— EXCERPTED DATA —
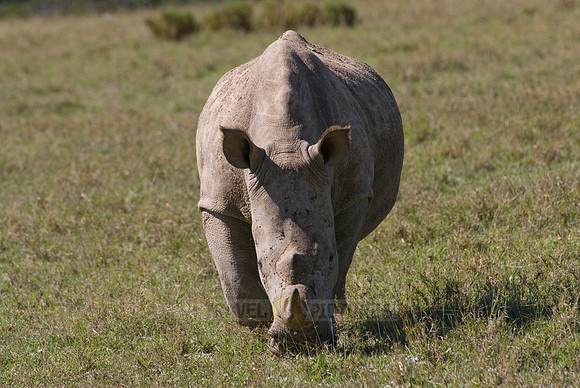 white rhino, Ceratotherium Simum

--

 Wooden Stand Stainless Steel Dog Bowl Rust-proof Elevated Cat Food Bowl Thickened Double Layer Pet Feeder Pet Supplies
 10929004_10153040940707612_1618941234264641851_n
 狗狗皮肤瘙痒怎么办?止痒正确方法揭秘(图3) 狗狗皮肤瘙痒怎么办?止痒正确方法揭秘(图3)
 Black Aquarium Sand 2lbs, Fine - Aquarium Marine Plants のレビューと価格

— ABOUT THIS TASK —
Using the records above, copy word for word the line with "Wooden Stand Stainless", the line with "Black Aquarium Sand", and every line between them.

— ANSWER BELOW —
 Wooden Stand Stainless Steel Dog Bowl Rust-proof Elevated Cat Food Bowl Thickened Double Layer Pet Feeder Pet Supplies
 10929004_10153040940707612_1618941234264641851_n
 狗狗皮肤瘙痒怎么办?止痒正确方法揭秘(图3) 狗狗皮肤瘙痒怎么办?止痒正确方法揭秘(图3)
 Black Aquarium Sand 2lbs, Fine - Aquarium Marine Plants のレビューと価格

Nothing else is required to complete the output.